Amani: Can we start with the Pyramids stuff? Like Blunts and 40z?
DDand: Yeah, taking it all the way back. That was almost 10 years ago. It started from John Vizzone (JV) and Brendan Morello, those two were just conspiring on this whole pyramids shit. They were into dumb ass conspiracy theories and illuminati, just as a joke though, not serious, but Pyramids came from that. John started making beats and we were just smoking weed one day and JV played some beats and I was like ‘yo this is fire ill rap on it’
Amani: It’s got the.. not like lo-fi. It just sounds so grungy, I don't even know the word for it.
DDand: It’s the most lo-fi. Mugs didn’t mix any of that and didn’t know about mastering.
Amani: So it wasn’t intentional?
DDand: Nah, we just didn’t know. We didn’t give a fuck either. So different, mugs were listening to music like immortal technique and all this other shit at the time and it wasn’t grungy like that but definitely had a different vibe from the clean sound of studio music.
Amani: It’s so raw, it feels like physically you’re right there.
D Dand: We just had a mic in John’s crib and his crib is like a space shuttle, so I feel like because of that the vocals sound more airy and spacey with more natural reverb
Amani: When you released it was it more for you and the homies or other people getting into it?
D Dand: Definitely just for the homies
Amani: And then Camel Clutch? Same kind of thing?
D Dand: Yeah, that’s when we had KG and shit.. No we had KG on the first… I don’t even know what the timeline really is but there wasn’t any kind of ‘we’re trying to get on.’ We just made another tape and that was that.
Amani: Right you were just making music, was that when you started rapping with volition?

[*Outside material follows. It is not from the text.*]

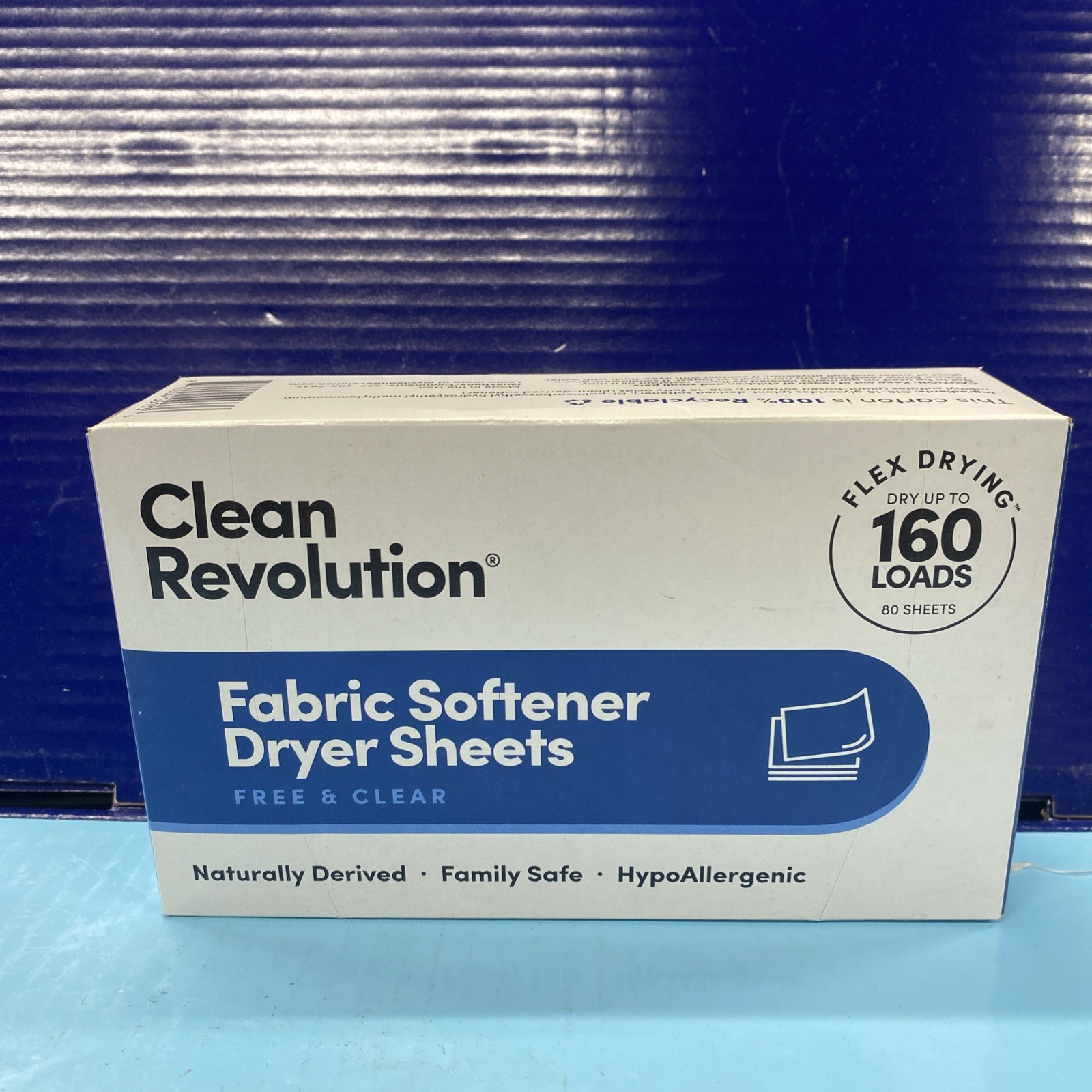 Clean Revolution Fabric Softener – Dryer Sheets – 160 Loads Free & Clear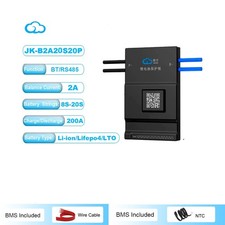 JK Smart BMS 8S-20S 200A Li-ion LiFePo4 BMS w/2A Active Balancer BT/RS485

D Dand: Nah me and Mark had been rapping together before that but he wanted to do his own thing with this kid Bobby and they used to make music together so it was always a separate thing, which is why I guess he wasn’t like in Pyramids per say, a lot of people think he was and they’re always like ‘yo mark remember the whole pyramids shit’ and he’s like ‘nah that wasn’t me.’
Amani: So he was around but just not in the group?
DDand: Yeah he was just chilling, it was just a friend thing you know? Homies were down, everyone loved old school rap.
Amani: Y'all were in high school then or?
DDand: Me and mark started rapping together in middle school, like sixth grade, but then we started taking it seriously in high school, freshman year.
Amani: Is that when it switched to Beatlampers?
DDand: No it switched to Beatlampers senior year, in 2010.
Amani: Why did Pyramids end?
DDand: I think its because we had made so much shit and just didn’t have a plan for it, and I don’t know if we planned to have a plan for it. So it became kind of like ‘what are we doing?’
Amani: And so for Beatlampers did y'all work with JV for the production? Because it sounds pretty different.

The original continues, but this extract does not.